We haven't seen another big budget AI commercial. I suspect the Real Magic commercial was done for the novelty.
@GG I suspect they just did multiple calls to whatever their "Real Magic AI" thing was and selected the best versions. I think 4k dollars of inference compute sounds pretty close. The models they're using are too low-quality to motivate spending more than that.
@MalachiteEagle
> Like what is the maximum amount of inference compute in dollar money someone has spent on generating a single video right now with AI?
For reference, this 3 minute video cost $16 (a full 1.5 hour movie would cost around $200). Given the quality, I don't think anyone would pay even $1 for such a movie.
Costs need to come down by 2 OOM or quality needs to dramatically improve. Most likely both will happen simultaneously, since as cost comes down it's easier to experiment leading to higher quality.
If we imagine a curve like this:

Where we as "what is the longest video clip that AI can generate such that a human would enjoy watching it with 50% rate?" I would say that we are currently around the 30 second mark.
Suppose the doubling rate is exactly the same (1 doubling every 7 months), then we will have 5 doublings = a factor of 32 between now and early 2028.
So (take this with a huge grain of salt), I would expect that in 2028 we will be able to generate a video about 15 minutes long, and we wouldn't be able to generate a "movie" (2 hours) until 1.5 years after that (late 2029).
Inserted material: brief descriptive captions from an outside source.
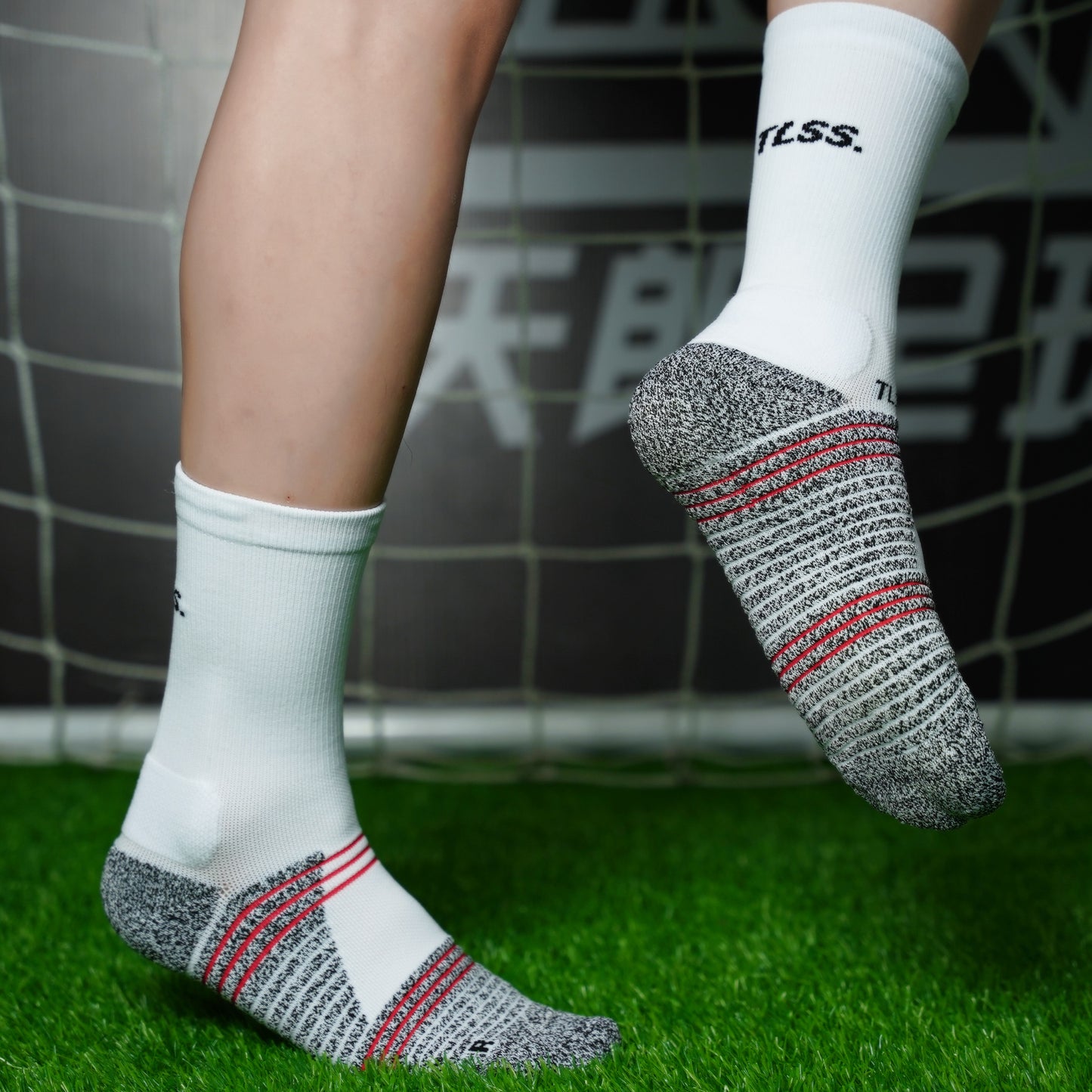 TACTICIAN Anti-Slip Mid-Calf Training Socks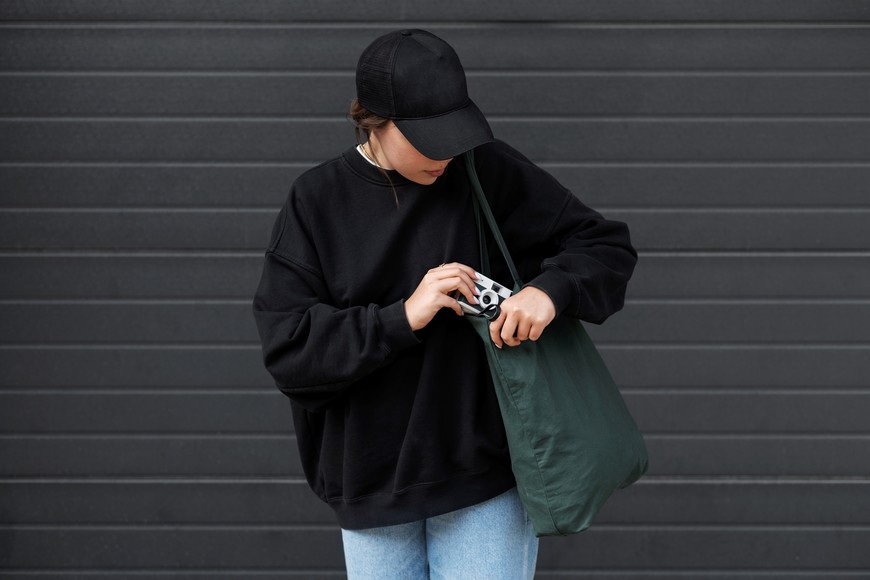 Ropa oscura con aspecto renovado tras aplicar el truco casero.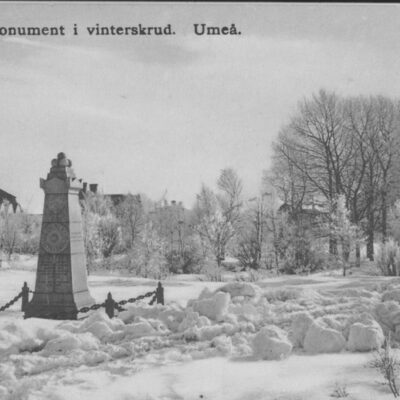Dunkers monument i vinterskrud. Umeå
Reinhold Hjortsbergs Pappershandel, Umeå
Skrivet men ej daterat
Ägare: Åke Runnman
9x14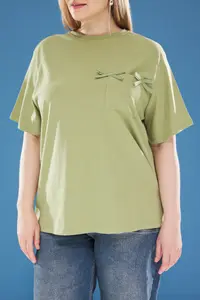 Trendyol Curve Khaki Loose Fit with pocket Fiyonk Detailed Plus Size T-Shirt - Image 3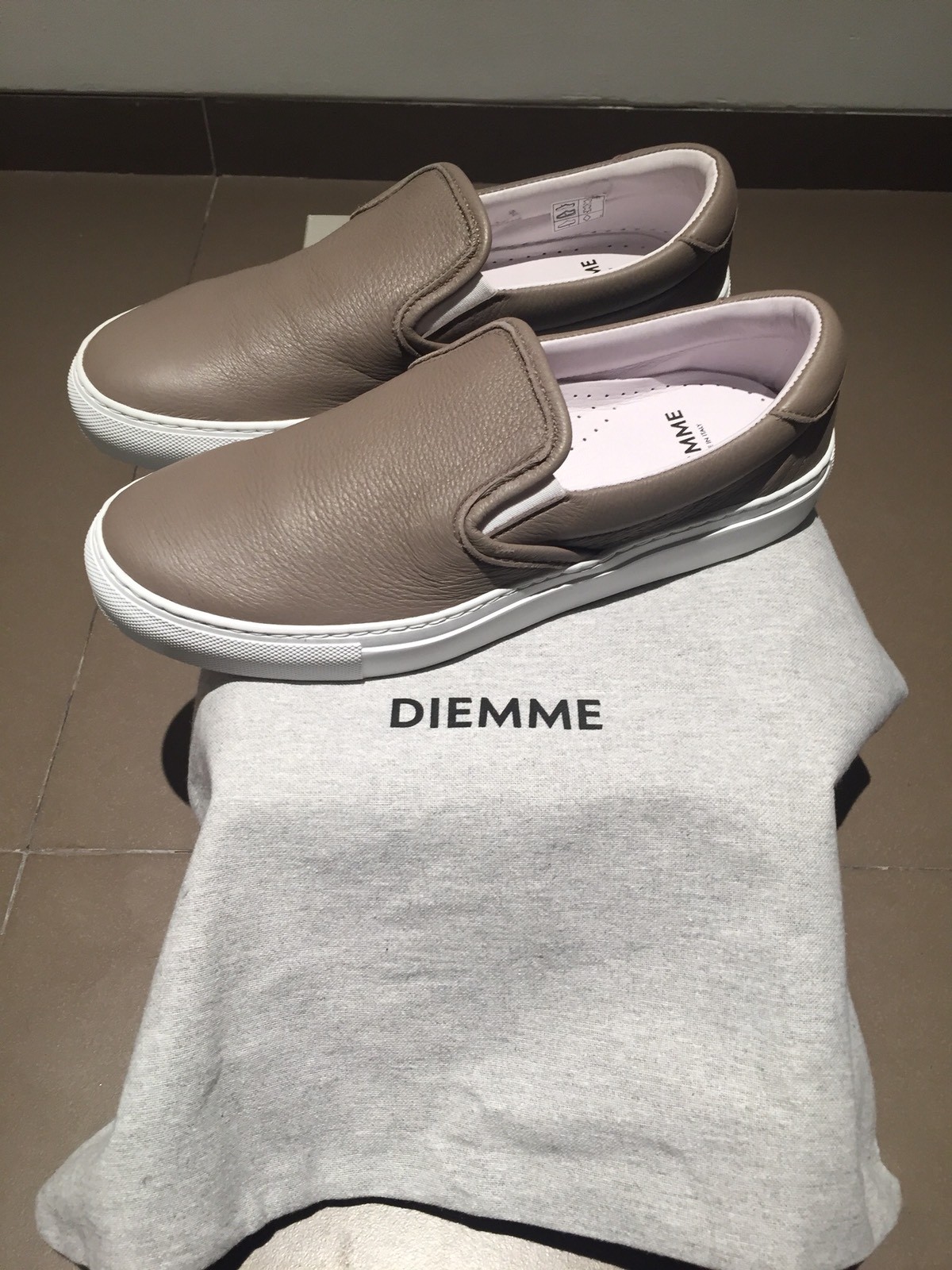 Scarpe casual da uomo DIEMME GARDA Slip On EU42/UK8 NUOVO CON SCATOLA Scarpe casual da uomo EU42/UK8 DIEMME GARDA Slip On EU42/UK8 uomo NUOVO CON SCATOLA 04d939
Of course, that curve could bend in either direction. For one thing, movie generation hasn't been a primary focus of most AI labs. (Runs tend to be in the millions of dollars for video models vs billions for the largest LLM runs). Movie generation will also get a huge boost from "fully multimodal out" models (similar to the 4o model that started the studio Ghibli craze). It's hard to know when exactly someone will train fully-multimodal video+images+text+sound input+output model, but I strongly suspect it won't happen until the inference cost for generating a video drops from a few dollars a minute (currently) to a few cents.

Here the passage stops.